* _Task brief_: All of the data is to be written out again exactly, without the pictures.

* _Data shown_:
-.-.-

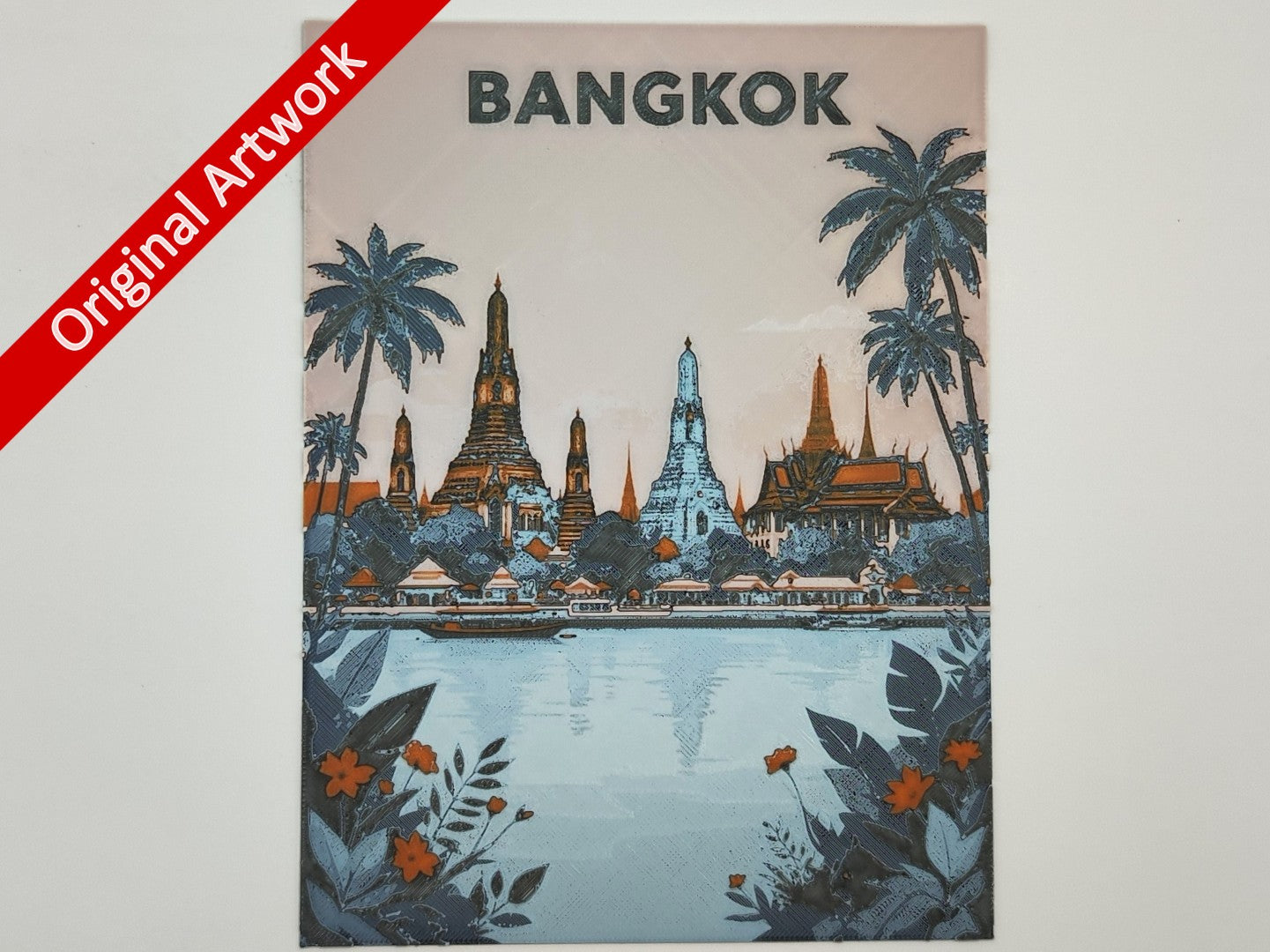 Affiche/poster de voyage de Bangkok imprimée en 3d 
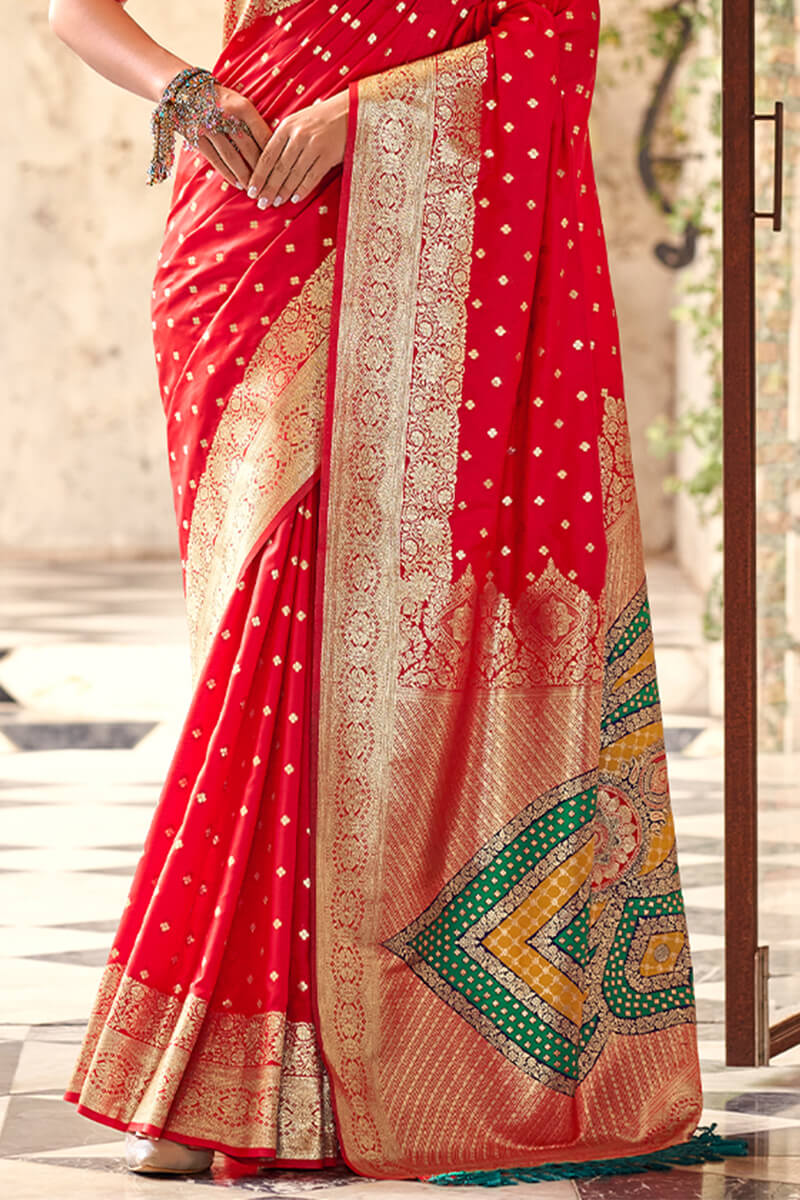 Crimson Red Soft Banarasi silk saree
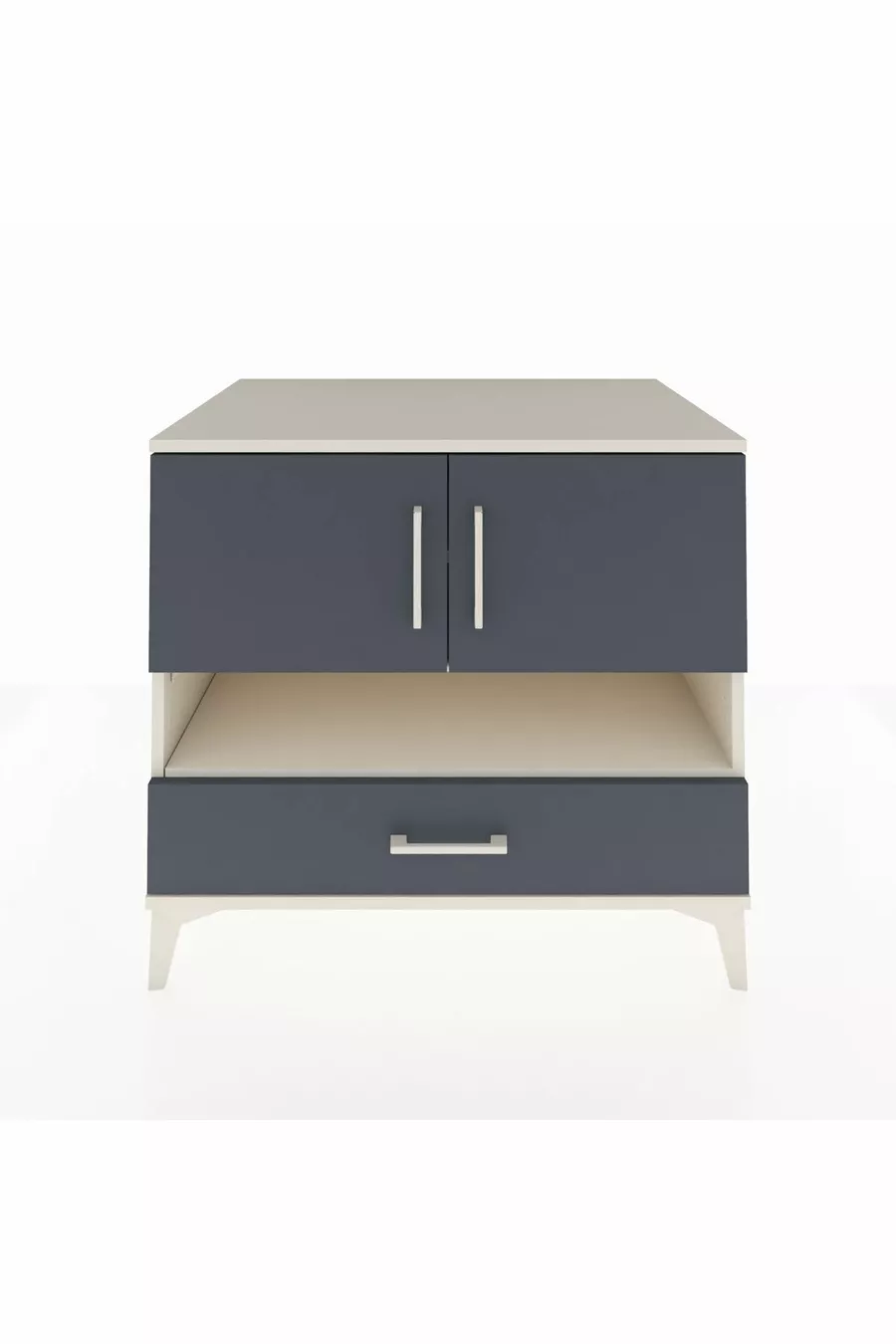 Commode Kronos avec 3 étagères, 1 tiroir et 2 portes, Pierre de Lune-Anthracite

-.-.-

* _Answer box_:
 Affiche/poster de voyage de Bangkok imprimée en 3d 
 Crimson Red Soft Banarasi silk saree
 Commode Kronos avec 3 étagères, 1 tiroir et 2 portes, Pierre de Lune-Anthracite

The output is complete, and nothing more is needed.